Forget the Isolation of Body Parts Routine
Isolation is fine once in a while, biceps, triceps, etc, for specific goals, but know that there is truly no such thing as muscle isolation. AND, Isolation is not the way the body is intended to function. When you reach for a cup of water, I'm sure you don't think about shoulder flexion, elbow extension, elbow flexion, and glenohumeral internal rotation. It's all hard wired and happens naturally.
Incorporating more integrated movements, more often, like squats, deadlifts, pullups, pushups, and rowing all involve a multitude of movers and stabilizers and are more beneficial overall.

Try Something Different
The assisted Pullup machine, rowing machine, or rubberized resistance tubes are all examples of neglected, yet beneficial exercise tools.

Eliminate High Risk Low Benefit Exercises
"Just because an exercise has been done for years does not make it safe or effective." -Tom Purvis founder RTS

A short list might include upright rows and tricep dips, but every exercise comes with inherent risks if performed improperly with too much load, with too often a frequency, too fast, or even too great a range.

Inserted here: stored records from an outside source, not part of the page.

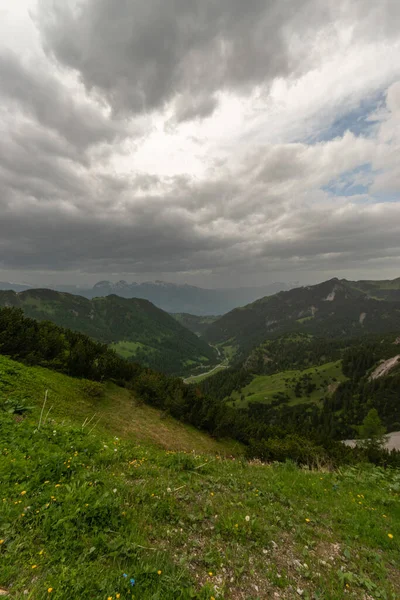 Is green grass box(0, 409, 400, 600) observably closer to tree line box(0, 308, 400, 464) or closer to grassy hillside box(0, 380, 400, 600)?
grassy hillside box(0, 380, 400, 600)

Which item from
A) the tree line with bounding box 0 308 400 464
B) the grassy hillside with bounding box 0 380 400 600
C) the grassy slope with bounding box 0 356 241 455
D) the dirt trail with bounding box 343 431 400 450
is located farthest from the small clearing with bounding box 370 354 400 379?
the grassy hillside with bounding box 0 380 400 600

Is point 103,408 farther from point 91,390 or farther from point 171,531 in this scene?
point 171,531

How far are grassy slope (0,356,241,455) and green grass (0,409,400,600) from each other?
26.6 feet

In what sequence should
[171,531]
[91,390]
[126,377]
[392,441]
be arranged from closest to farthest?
1. [171,531]
2. [91,390]
3. [126,377]
4. [392,441]

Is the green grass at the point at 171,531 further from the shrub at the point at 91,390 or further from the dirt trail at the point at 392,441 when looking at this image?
the dirt trail at the point at 392,441

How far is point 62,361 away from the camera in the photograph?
27.9 m

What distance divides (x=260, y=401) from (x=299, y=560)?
203 m

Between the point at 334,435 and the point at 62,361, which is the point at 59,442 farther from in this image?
the point at 334,435

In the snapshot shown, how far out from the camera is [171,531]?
271 inches

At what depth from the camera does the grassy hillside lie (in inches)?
203

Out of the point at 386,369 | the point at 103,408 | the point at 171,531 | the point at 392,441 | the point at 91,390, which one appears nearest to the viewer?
the point at 171,531

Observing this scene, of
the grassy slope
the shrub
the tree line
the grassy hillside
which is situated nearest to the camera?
the grassy hillside

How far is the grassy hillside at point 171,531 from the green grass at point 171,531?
3 cm

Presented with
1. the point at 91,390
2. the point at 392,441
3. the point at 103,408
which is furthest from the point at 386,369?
the point at 91,390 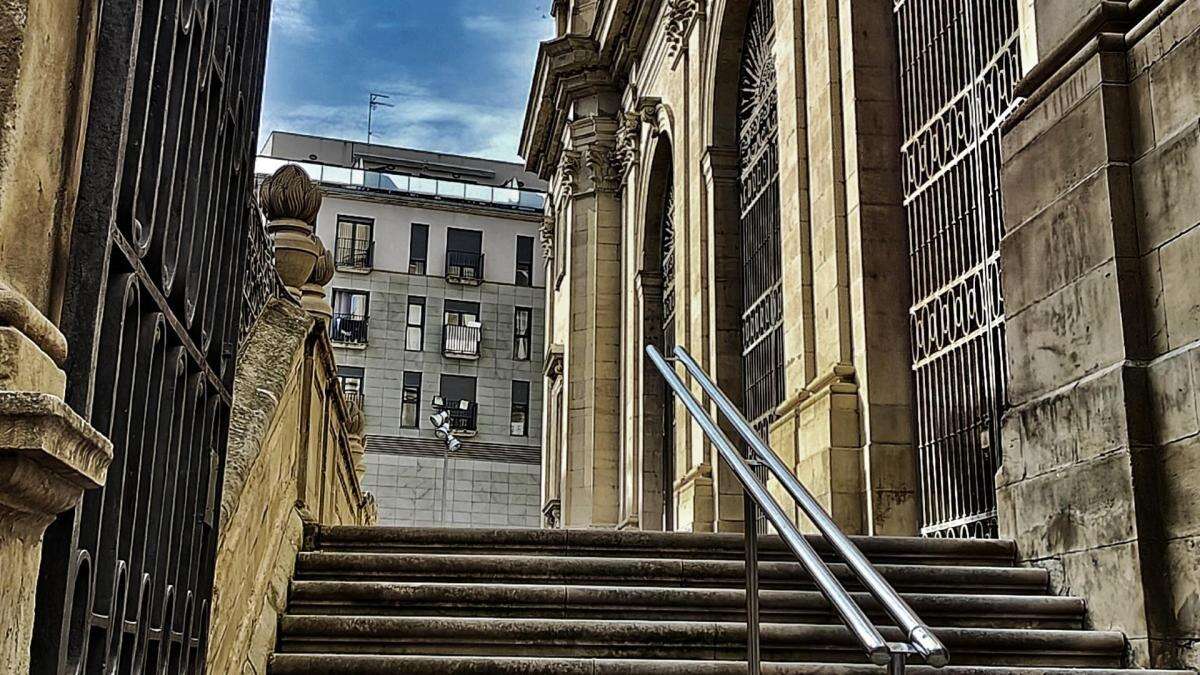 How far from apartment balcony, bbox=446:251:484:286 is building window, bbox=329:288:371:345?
10.0ft

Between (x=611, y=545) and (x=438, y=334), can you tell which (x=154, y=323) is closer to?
(x=611, y=545)

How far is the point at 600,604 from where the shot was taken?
5871mm

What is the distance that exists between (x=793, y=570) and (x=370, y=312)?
36.8m

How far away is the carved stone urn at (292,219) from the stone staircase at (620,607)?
1.94m

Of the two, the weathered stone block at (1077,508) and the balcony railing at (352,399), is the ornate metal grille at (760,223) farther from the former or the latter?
the weathered stone block at (1077,508)

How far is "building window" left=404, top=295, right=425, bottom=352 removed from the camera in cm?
4219

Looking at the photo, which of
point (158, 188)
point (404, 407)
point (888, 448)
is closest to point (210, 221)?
point (158, 188)

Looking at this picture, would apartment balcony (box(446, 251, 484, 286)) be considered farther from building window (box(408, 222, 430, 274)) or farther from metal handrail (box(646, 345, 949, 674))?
metal handrail (box(646, 345, 949, 674))

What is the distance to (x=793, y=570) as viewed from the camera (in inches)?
249

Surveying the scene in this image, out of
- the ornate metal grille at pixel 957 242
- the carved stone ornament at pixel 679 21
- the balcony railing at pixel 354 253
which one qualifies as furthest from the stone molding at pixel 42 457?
the balcony railing at pixel 354 253

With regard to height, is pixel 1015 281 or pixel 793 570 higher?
pixel 1015 281

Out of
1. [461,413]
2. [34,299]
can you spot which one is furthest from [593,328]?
[34,299]

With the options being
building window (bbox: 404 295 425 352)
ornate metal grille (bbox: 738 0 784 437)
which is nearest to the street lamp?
building window (bbox: 404 295 425 352)

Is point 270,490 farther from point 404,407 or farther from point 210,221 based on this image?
point 404,407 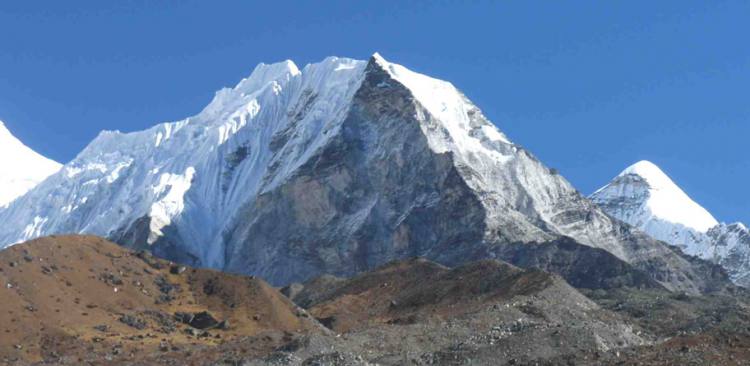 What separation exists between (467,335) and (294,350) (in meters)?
15.4

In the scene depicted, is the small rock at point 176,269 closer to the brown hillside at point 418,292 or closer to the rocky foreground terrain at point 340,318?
the rocky foreground terrain at point 340,318

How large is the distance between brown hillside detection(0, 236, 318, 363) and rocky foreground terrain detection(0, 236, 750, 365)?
0.20 meters

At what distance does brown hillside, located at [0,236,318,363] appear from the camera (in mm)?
136000

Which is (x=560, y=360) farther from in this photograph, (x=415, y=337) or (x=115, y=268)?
(x=115, y=268)

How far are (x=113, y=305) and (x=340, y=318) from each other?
25.9 metres

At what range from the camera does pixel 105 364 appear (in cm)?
12569

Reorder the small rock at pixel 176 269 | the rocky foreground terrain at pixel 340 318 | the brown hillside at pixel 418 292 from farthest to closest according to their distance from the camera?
the small rock at pixel 176 269
the brown hillside at pixel 418 292
the rocky foreground terrain at pixel 340 318

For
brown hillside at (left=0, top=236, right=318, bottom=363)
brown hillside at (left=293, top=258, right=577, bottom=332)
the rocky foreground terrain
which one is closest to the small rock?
brown hillside at (left=0, top=236, right=318, bottom=363)

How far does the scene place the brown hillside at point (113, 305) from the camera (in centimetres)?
13600

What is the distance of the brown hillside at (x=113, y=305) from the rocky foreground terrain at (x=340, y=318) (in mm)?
201

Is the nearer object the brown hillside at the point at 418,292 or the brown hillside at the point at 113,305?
the brown hillside at the point at 113,305

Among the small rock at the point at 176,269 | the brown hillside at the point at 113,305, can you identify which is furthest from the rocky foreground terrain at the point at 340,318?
the small rock at the point at 176,269

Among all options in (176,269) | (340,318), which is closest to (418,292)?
(340,318)

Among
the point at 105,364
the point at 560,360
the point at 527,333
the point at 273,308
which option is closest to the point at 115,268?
the point at 273,308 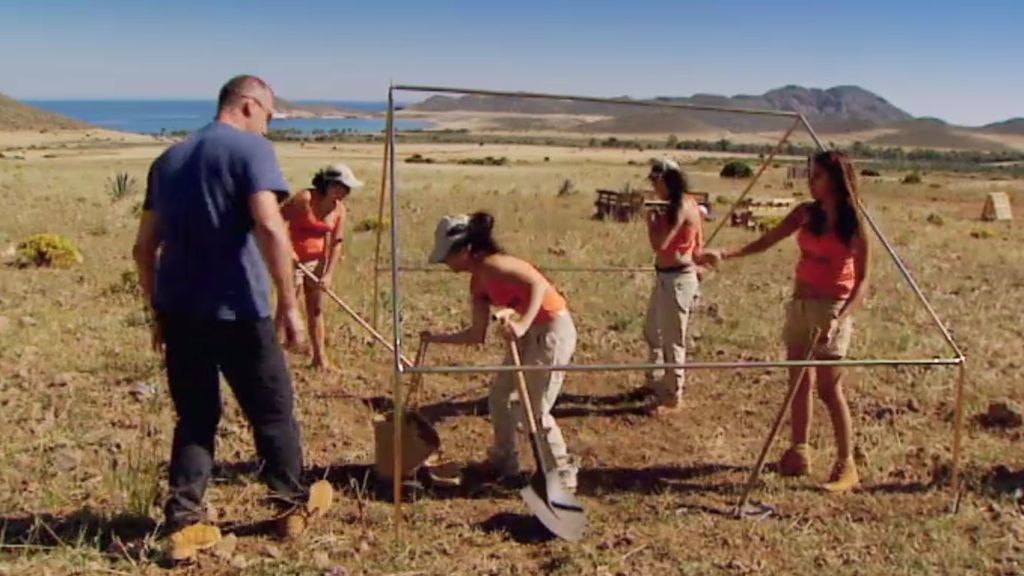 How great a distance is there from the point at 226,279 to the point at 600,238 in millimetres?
11805

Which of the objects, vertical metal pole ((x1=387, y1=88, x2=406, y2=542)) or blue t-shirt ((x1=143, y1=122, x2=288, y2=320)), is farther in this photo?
vertical metal pole ((x1=387, y1=88, x2=406, y2=542))

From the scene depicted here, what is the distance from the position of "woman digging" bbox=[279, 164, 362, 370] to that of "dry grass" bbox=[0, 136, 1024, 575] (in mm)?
728

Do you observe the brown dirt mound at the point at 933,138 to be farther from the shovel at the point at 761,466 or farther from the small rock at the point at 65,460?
the small rock at the point at 65,460

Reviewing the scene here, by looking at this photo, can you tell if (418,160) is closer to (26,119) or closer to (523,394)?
(523,394)

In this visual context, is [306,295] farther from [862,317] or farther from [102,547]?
[862,317]

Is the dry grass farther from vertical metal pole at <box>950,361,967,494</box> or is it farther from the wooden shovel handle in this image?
the wooden shovel handle

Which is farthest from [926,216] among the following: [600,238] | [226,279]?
[226,279]

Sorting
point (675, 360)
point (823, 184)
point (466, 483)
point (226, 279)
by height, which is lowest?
point (466, 483)

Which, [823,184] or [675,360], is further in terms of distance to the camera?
[675,360]

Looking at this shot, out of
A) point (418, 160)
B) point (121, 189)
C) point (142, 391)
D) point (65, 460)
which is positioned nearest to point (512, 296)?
point (65, 460)

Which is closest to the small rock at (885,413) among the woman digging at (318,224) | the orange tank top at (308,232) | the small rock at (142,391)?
the woman digging at (318,224)

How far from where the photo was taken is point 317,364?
22.6 feet

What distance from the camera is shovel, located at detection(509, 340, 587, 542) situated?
4270 mm

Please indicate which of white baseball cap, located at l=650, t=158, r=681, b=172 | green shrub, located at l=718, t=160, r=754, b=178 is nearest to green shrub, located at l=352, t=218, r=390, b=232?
white baseball cap, located at l=650, t=158, r=681, b=172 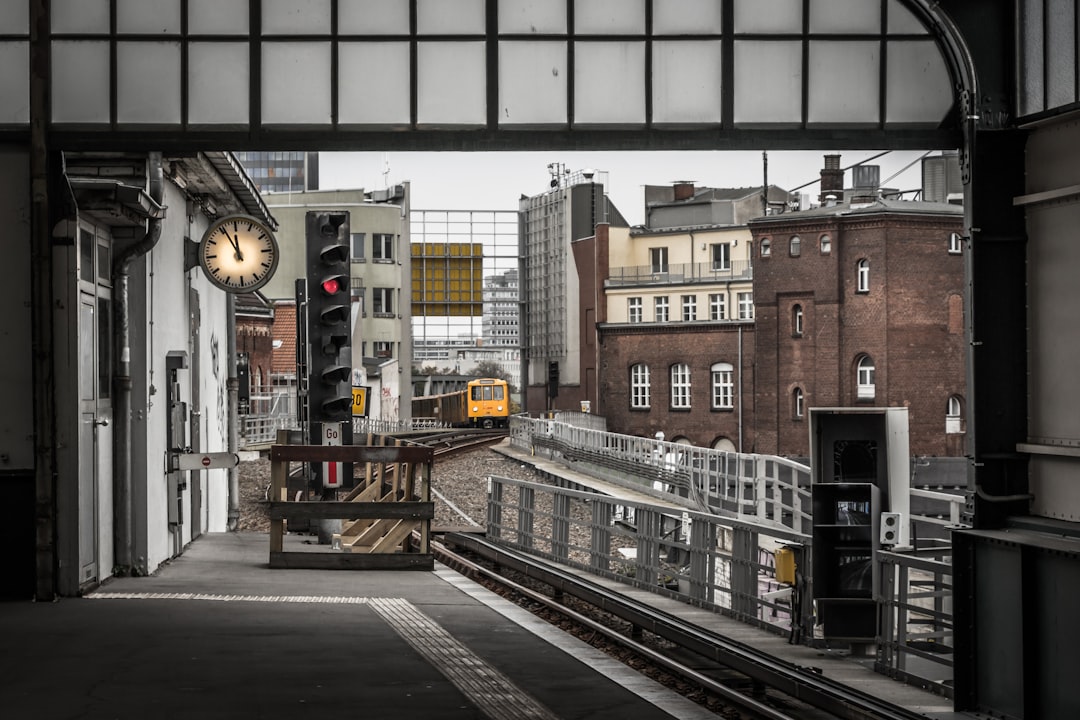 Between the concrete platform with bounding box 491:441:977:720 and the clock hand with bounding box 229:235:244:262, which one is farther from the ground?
the clock hand with bounding box 229:235:244:262

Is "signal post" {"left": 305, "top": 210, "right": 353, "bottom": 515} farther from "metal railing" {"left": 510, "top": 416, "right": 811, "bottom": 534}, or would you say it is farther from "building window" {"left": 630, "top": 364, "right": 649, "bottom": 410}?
"building window" {"left": 630, "top": 364, "right": 649, "bottom": 410}

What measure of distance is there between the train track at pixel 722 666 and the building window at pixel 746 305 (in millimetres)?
55614

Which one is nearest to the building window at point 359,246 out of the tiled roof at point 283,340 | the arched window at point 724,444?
the tiled roof at point 283,340

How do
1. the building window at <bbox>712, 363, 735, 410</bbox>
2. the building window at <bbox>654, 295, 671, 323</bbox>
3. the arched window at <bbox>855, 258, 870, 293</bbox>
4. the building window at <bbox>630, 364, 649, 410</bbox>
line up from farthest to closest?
the building window at <bbox>654, 295, 671, 323</bbox> → the building window at <bbox>630, 364, 649, 410</bbox> → the building window at <bbox>712, 363, 735, 410</bbox> → the arched window at <bbox>855, 258, 870, 293</bbox>

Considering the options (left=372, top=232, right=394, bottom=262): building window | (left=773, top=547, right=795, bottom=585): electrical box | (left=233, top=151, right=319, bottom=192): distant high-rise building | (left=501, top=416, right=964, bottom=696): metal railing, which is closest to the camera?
(left=501, top=416, right=964, bottom=696): metal railing

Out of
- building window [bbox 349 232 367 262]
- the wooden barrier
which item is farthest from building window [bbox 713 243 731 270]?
the wooden barrier

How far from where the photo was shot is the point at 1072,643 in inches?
329

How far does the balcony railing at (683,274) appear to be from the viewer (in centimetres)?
7406

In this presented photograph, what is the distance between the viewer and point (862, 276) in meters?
62.7

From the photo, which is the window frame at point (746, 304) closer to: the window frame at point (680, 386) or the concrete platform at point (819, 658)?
the window frame at point (680, 386)

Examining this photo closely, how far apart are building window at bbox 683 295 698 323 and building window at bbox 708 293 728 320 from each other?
0.94m

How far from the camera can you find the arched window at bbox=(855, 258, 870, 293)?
205 ft

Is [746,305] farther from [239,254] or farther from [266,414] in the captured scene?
[239,254]

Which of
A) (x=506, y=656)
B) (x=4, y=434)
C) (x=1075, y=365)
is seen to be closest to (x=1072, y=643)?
(x=1075, y=365) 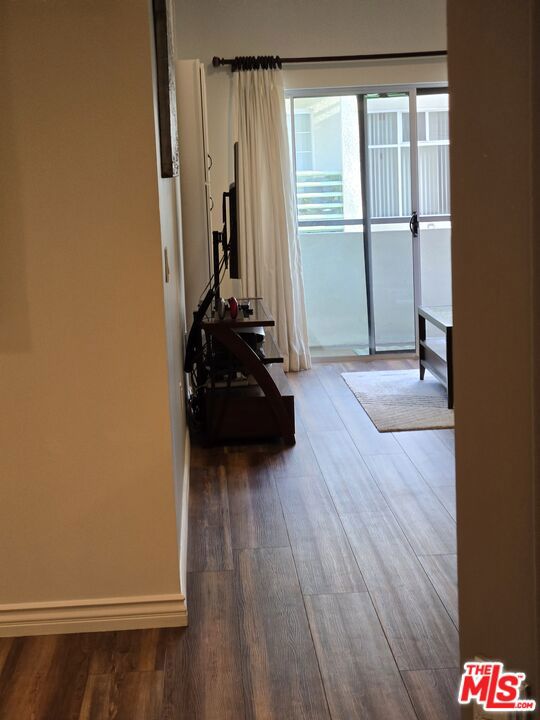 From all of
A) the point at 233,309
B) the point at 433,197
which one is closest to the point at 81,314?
the point at 233,309

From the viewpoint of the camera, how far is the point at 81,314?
2.48 meters

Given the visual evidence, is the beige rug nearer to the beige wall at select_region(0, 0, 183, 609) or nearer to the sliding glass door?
the sliding glass door

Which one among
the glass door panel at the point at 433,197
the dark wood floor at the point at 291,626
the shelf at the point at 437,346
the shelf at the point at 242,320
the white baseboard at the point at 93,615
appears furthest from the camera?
the glass door panel at the point at 433,197

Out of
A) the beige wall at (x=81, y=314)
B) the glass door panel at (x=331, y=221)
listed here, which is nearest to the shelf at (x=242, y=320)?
the beige wall at (x=81, y=314)

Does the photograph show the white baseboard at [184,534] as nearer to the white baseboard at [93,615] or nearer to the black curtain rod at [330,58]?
the white baseboard at [93,615]

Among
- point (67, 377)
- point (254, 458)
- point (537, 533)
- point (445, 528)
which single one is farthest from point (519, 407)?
point (254, 458)

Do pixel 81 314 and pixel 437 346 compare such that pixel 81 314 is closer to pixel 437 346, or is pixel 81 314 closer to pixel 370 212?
pixel 437 346

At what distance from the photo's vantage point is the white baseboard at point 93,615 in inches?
102

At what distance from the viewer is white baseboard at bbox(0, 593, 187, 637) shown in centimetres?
259

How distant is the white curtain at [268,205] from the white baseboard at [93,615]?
398cm

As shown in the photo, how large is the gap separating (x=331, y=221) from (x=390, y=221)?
0.45 metres

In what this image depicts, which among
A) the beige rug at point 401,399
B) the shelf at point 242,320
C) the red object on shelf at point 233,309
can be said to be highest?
the red object on shelf at point 233,309

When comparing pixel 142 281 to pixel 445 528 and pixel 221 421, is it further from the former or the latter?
pixel 221 421

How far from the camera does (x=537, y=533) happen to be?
0.57m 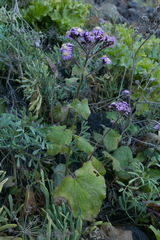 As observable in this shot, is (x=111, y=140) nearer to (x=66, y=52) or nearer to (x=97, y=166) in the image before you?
(x=97, y=166)

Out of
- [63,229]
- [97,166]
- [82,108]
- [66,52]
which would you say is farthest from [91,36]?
[63,229]

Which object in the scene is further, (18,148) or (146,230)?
(146,230)

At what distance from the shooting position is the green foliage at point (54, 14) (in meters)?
2.33

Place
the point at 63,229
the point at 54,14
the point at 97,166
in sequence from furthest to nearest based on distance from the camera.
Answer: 1. the point at 54,14
2. the point at 97,166
3. the point at 63,229

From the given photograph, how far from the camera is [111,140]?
1.38 metres

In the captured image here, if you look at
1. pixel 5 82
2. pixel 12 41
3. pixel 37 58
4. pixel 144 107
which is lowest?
pixel 144 107

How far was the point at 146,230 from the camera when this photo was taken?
1.31m

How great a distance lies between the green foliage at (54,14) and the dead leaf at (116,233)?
206 cm

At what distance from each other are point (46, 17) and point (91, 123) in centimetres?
144

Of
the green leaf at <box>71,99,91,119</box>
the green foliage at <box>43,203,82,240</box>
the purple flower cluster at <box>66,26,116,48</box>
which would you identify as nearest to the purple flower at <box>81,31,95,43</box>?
the purple flower cluster at <box>66,26,116,48</box>

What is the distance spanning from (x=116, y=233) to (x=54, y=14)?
2.24 meters

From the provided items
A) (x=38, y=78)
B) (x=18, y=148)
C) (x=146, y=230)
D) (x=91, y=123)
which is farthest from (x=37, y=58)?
(x=146, y=230)

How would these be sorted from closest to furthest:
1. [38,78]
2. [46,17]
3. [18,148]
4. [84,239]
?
[84,239], [18,148], [38,78], [46,17]

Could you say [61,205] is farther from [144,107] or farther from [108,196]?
[144,107] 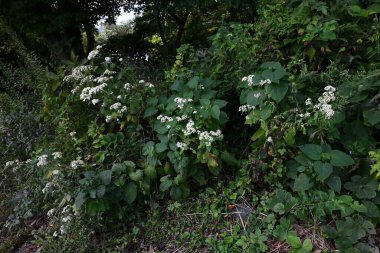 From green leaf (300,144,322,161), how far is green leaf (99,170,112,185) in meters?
1.30

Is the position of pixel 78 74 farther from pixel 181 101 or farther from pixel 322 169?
pixel 322 169

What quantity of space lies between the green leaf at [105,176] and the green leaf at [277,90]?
1.23m

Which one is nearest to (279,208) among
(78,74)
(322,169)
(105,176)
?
(322,169)

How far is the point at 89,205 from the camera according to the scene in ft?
8.27

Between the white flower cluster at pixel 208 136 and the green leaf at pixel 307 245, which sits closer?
the green leaf at pixel 307 245

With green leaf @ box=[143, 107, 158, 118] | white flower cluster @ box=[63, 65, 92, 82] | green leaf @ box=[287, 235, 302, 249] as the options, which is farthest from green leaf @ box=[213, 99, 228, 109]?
white flower cluster @ box=[63, 65, 92, 82]

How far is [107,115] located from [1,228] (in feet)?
4.62

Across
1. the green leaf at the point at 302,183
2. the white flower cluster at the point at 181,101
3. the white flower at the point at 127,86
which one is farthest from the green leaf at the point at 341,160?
the white flower at the point at 127,86

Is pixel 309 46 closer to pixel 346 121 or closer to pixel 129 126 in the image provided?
pixel 346 121

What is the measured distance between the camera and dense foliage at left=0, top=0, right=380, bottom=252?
233 centimetres

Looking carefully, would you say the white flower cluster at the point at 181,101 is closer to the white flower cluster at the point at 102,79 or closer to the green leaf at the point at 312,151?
the white flower cluster at the point at 102,79

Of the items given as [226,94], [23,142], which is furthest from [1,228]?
[226,94]

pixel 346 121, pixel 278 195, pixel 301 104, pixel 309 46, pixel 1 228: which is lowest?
pixel 1 228

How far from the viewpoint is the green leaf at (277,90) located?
2.40 m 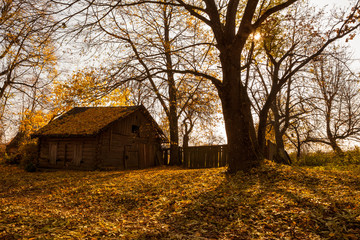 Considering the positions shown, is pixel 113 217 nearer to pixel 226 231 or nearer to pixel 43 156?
pixel 226 231

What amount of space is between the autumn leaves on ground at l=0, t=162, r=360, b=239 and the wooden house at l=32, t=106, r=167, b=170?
31.6ft

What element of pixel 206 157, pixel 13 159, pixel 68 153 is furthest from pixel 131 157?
pixel 13 159

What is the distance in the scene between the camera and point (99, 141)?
17.8 m

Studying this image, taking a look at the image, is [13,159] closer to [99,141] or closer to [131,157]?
[99,141]

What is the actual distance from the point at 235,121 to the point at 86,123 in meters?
14.0

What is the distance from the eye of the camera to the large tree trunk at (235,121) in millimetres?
9219

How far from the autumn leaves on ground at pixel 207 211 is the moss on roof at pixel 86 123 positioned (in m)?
9.67

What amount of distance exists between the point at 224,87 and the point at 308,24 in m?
7.98

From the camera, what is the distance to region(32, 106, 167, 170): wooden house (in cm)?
1781

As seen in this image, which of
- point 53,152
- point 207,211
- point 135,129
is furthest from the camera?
point 135,129

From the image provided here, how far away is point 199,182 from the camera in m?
8.72

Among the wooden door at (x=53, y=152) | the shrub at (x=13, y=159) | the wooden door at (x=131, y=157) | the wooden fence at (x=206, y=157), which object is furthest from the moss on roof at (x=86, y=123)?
the wooden fence at (x=206, y=157)

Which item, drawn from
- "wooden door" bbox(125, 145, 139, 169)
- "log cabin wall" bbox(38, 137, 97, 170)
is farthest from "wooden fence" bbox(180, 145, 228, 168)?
"log cabin wall" bbox(38, 137, 97, 170)

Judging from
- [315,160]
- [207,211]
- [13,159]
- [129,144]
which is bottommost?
[207,211] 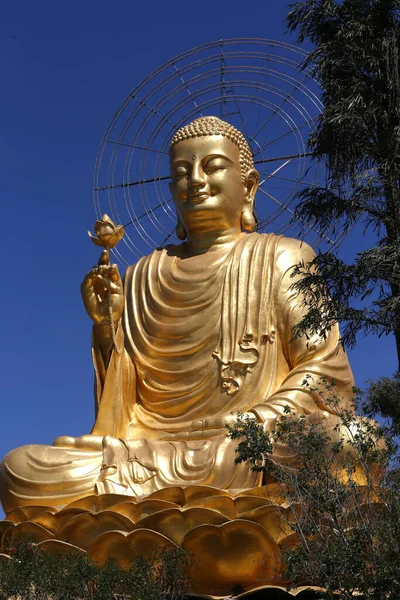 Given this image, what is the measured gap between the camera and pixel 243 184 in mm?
11023

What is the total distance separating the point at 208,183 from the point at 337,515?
5.01 m

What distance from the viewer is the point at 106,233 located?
9984 millimetres

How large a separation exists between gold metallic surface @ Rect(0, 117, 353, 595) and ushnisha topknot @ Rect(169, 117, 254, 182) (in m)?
0.02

Learning what to do and how to do it to best serve your goals may be best answered by hiring a fitness professional.

Hire a Trainer
Although many times finding a quality personal trainer is like shooting darts in the dark, watching them work, talking to who they work with, and interviewing before paying is a good idea. Worst case, you come out getting a few ideas to pursue on your own.